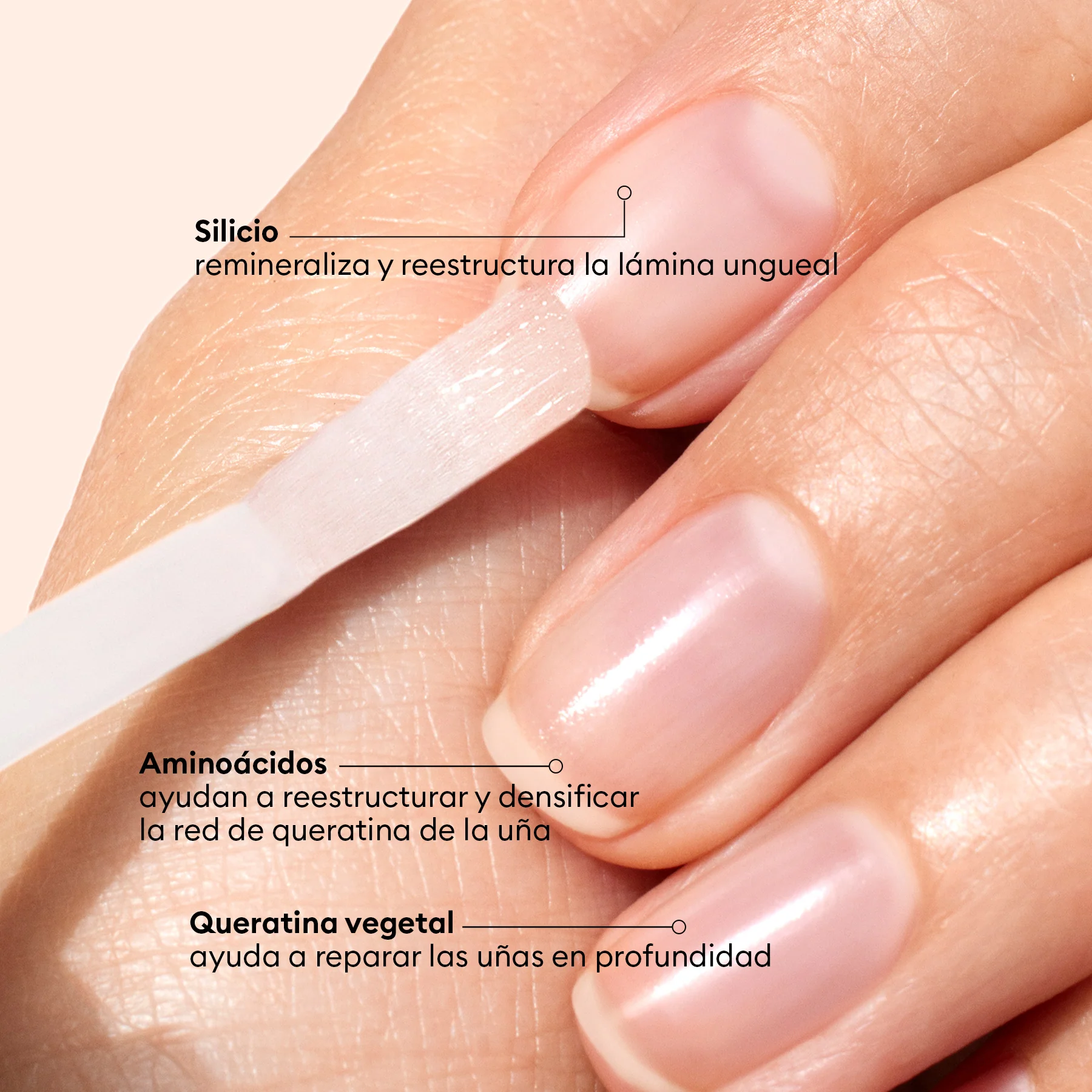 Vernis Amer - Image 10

********

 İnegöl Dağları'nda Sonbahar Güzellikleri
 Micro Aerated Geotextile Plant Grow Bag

********

§ TASK REQUIREMENTS: Your answer should be the exact lines above from the one with "İnegöl Dağları'nda Sonbahar Güzellikleri" through the one with "Micro Aerated Geotextile Plant Grow Bag", both included, and nothing besides.

§ WRITTEN SOLUTION:
 İnegöl Dağları'nda Sonbahar Güzellikleri
 Micro Aerated Geotextile Plant Grow Bag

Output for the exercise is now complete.